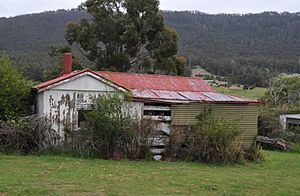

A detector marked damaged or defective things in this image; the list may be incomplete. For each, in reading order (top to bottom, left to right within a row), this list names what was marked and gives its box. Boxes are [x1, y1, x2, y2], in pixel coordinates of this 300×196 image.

rusty corrugated iron roof [33, 69, 260, 104]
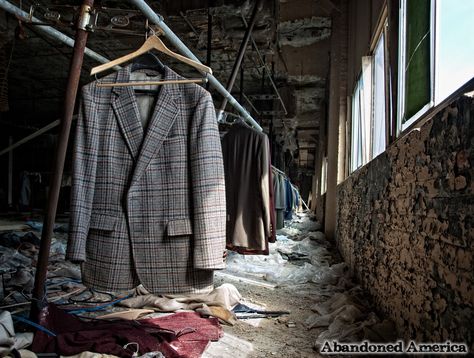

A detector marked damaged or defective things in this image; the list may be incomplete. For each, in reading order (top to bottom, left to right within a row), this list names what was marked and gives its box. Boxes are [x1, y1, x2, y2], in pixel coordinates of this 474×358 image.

rusted pipe [29, 0, 94, 322]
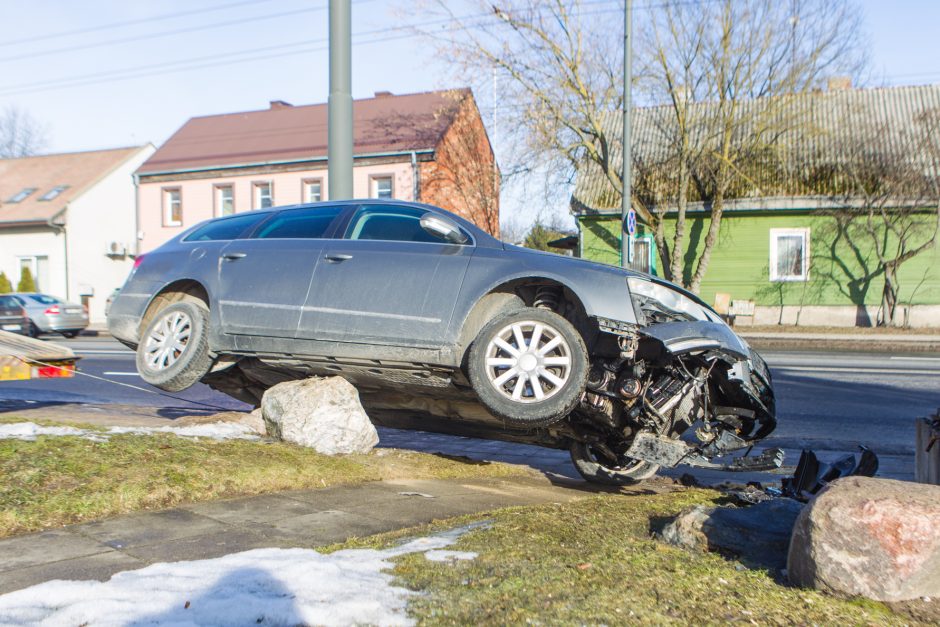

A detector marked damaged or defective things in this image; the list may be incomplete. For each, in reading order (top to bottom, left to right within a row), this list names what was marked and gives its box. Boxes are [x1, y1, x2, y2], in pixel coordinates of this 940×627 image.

crashed gray sedan [108, 201, 780, 486]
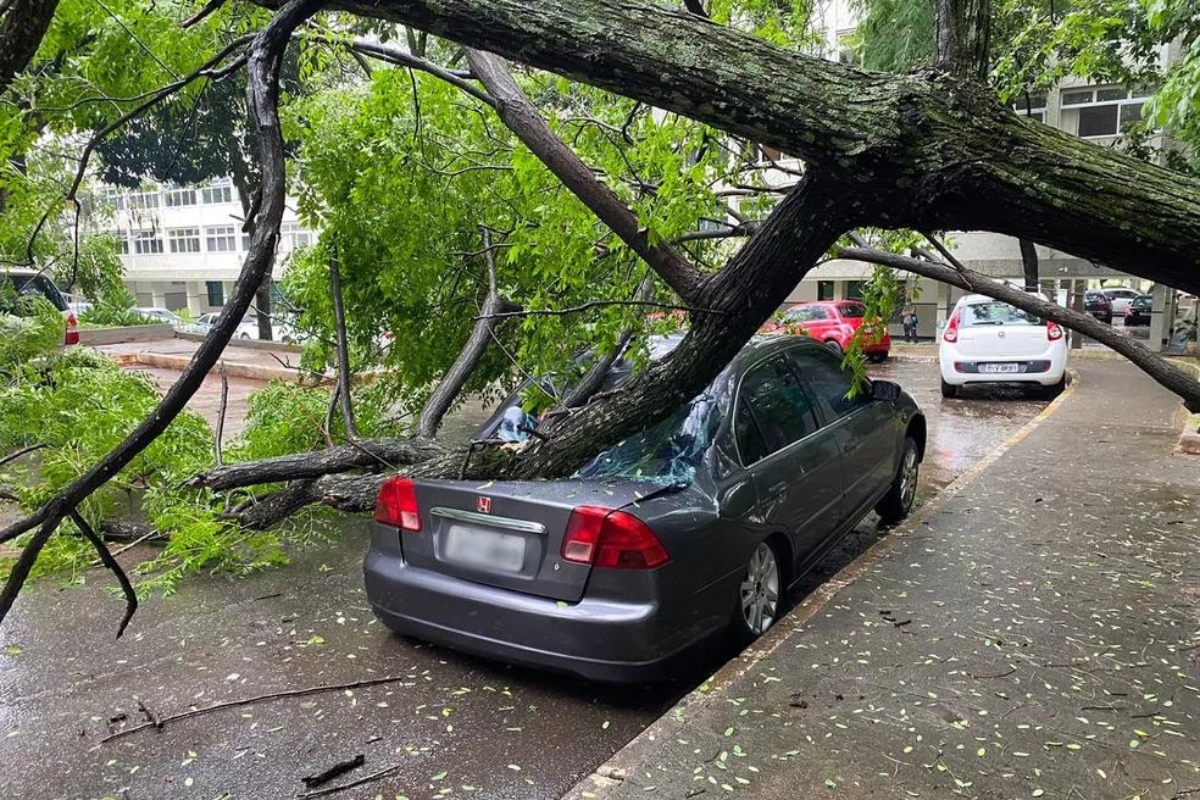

● ● ● ● ● ● ●

Your goal: Reproduce exactly and only the lines from the one with "this 474×358 image." through the last entry, both included, excluding every picture.

Solution for this problem:
A detector marked damaged or defective things in this image; the list may be incomplete. For each, in reading order (top to bottom, left to right within a row), this list names what was marked and gives its box. Boxes are [x1, y1, x2, y2], in pixel coordinates of this 474×358 image.

rusted pipe [29, 0, 94, 322]

A detector marked damaged or defective things in this image; the list may be incomplete. For each, in reading order (top to bottom, left to right within a row), this list names what was marked and gives its box. Boxes are [x1, y1, x2, y2], in pixel coordinates of this 940×627 image.

crashed gray sedan [108, 201, 780, 486]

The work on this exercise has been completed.